Ultimately, meaning and mystery coexist in Searcy’s mind, and his offbeat, exciting writing will resonate with readers for...
by David Searcy ‧ RELEASE DATE: Jan. 5, 2016
A Texas essayist goes looking for meaning in all the right places.
The essays in this debut collection by Searcy, who previously published two novels of sci-fi horror (Last Things, 2002, etc.), suggest what might happen if Stephen King somehow morphed into David Foster Wallace. Though there are none of the latter’s signature footnotes, the author’s allusive and elusive writing seeks connections beneath the surface of appearance and the alternatives to conventional wisdom. His mother was an artist, as is his girlfriend, as is his late friend, and their work provides plenty of perspective on the creative impulse, which also permeates these essays. In the opening “The Hudson River School,” a visit to the dental hygienist inspires a visit to her father, a rancher in West Texas, who has been targeting a coyote (or more) that has been attacking his sheep, using a tape of their baby’s cries as a lure. “Out here, you probably need to know a lot more clearly what you’re doing,” writes Searcy. “How to situate yourself. You’ve got your basics here to deal with after all.

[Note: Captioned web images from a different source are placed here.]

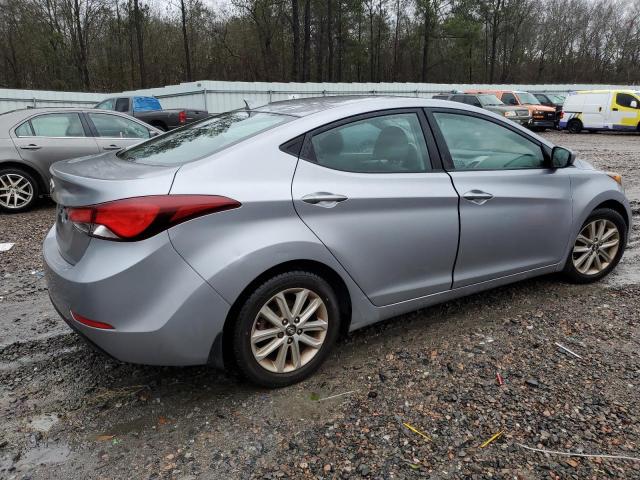 Photo 2 VIN: 5NPDH4AE0GH689370 - HYUNDAI ELANTRA 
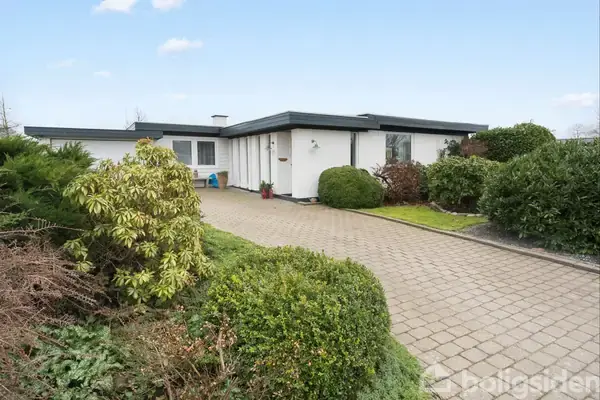 Villa på Brunde Kirkevej 9, 6230 Rødekro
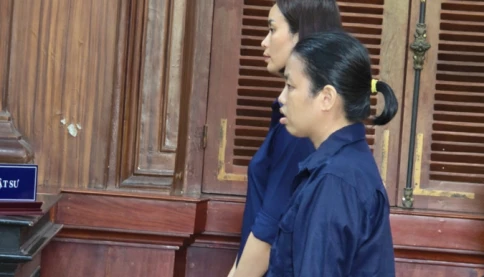 Nguyễn Thị Tuyết Nga ôm 8,2 tỷ đồng của Bệnh viện Thủ Đức để kinh doanh quần áo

Your wind, your emptiness, your animals, your house.” Clarity, emptiness, and whatever the basics are remain touchstones throughout these essays, whether the writer is exploring the lunar landscape of Enchanted Rock, touring Turkey in search of Santa Claus, trying to find meaning in his lack of connection with baseball, or rediscovering a piece by his late mother while rummaging through “twenty years of stuff diverted here. Not quite tossed out. You never know.” Searcy also spends plenty of time revisiting childhood experiences never quite resolved, snapshots and notebooks that provide a different perspective on the experience he’s relating, and occasionally discovering, “How cool and dark and clear it is, right here at the heart of things. How clearly things reveal themselves. Who knew?”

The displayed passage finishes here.